From: Katharine Thayer ^lt;[email protected]>
Date: 06/27/04-01:10:23 PM Z
Message-id: <40DF1B97.116A@pacifier.com>

Well, this doesn't prove anything one way or another, but just out of
curiosity this afternoon, (well okay, curiosity plus avoidance of
another thing I didn't want to do) I printed a "tricolor" with PV19. I
say "tricolor" because it wasn't done with separations, I just printed
one negative three times. (I just wanted to do a little test print and I
don't have any little test negatives in tricolor separations).

I found I had three different versions of PV19, so I mixed all three
with gum and chose the one that looked most like a true magenta. The
others were (1) more rose-ish, (M. Graham "quinacridone rose") and (2)
purple (M. Graham "quinacridone violet.") The one I chose was Daniel
Smith "quinacridone red." (There's a good example of a paint being named
after a different pigment than the pigment it contains.) I was
surprised, with all three of the PV19s, how sort of wimpy the color was.
I put quite a lot of pigment in all three before I decided it was never
going to get any more saturated than it already was.

I used the PY110 for yellow, and indanthrone (PB 60) for blue, since I
thought the indanthrone would be closer to the depth and hue of the
cyanotype than the blues than I normally use.

The red and yellow printed well and looked good together, as Tom
described.
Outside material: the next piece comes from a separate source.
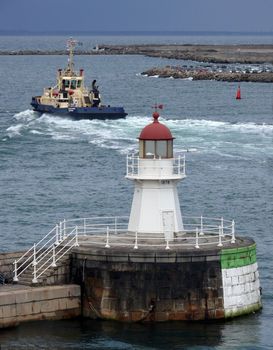 portrait of lighthouse and boat in background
But when I put the blue on, what I got was a reddish brown
overall tone. I put another layer of yellow on just in case there wasn't
enough yellow, but it didn't change anything, just turned the brown
slightly more orange. And just in case for some reason the blue wasn't
holding its own, I added another, heavier layer of blue (it was almost
black and very heavily pigmented), but the extra blue didn't turn the
brown black, as I would have expected, but just gave the brown a sort of
purplish hue.

Like I say, this isn't definitive by any means, but makes me continue to
wonder if, perhaps, there's something about PV19, or the combination of
PV19 and PY110, that creates this brownish tone when added to blue.

Katharine Thayer

Katharine Thayer wrote:
>
> Tom,
> The brownish tone still doesn't make sense to me, even as a function of
> curves or exposures. You may of course prove me completely wrong about
> that and are welcome to do so.
>
> But to me it's more likely related to the quinacridone violet that
> you're using for the magenta. I hate to keep recommending pigment
> changes to you, but I'm inclined to think a quinacridone red (PV209)
> would serve you better. I haven't used PV19 very much, but I have seen
> brownish tones when it is mixed with different colors.
>
> Sam would know better, but I also wonder about how different reds and
> yellows work with the cyanotype, if it's possible that you'd need
> different red and yellow pigments with the cyanotype than what would
> work best with one or another of the blue pigments.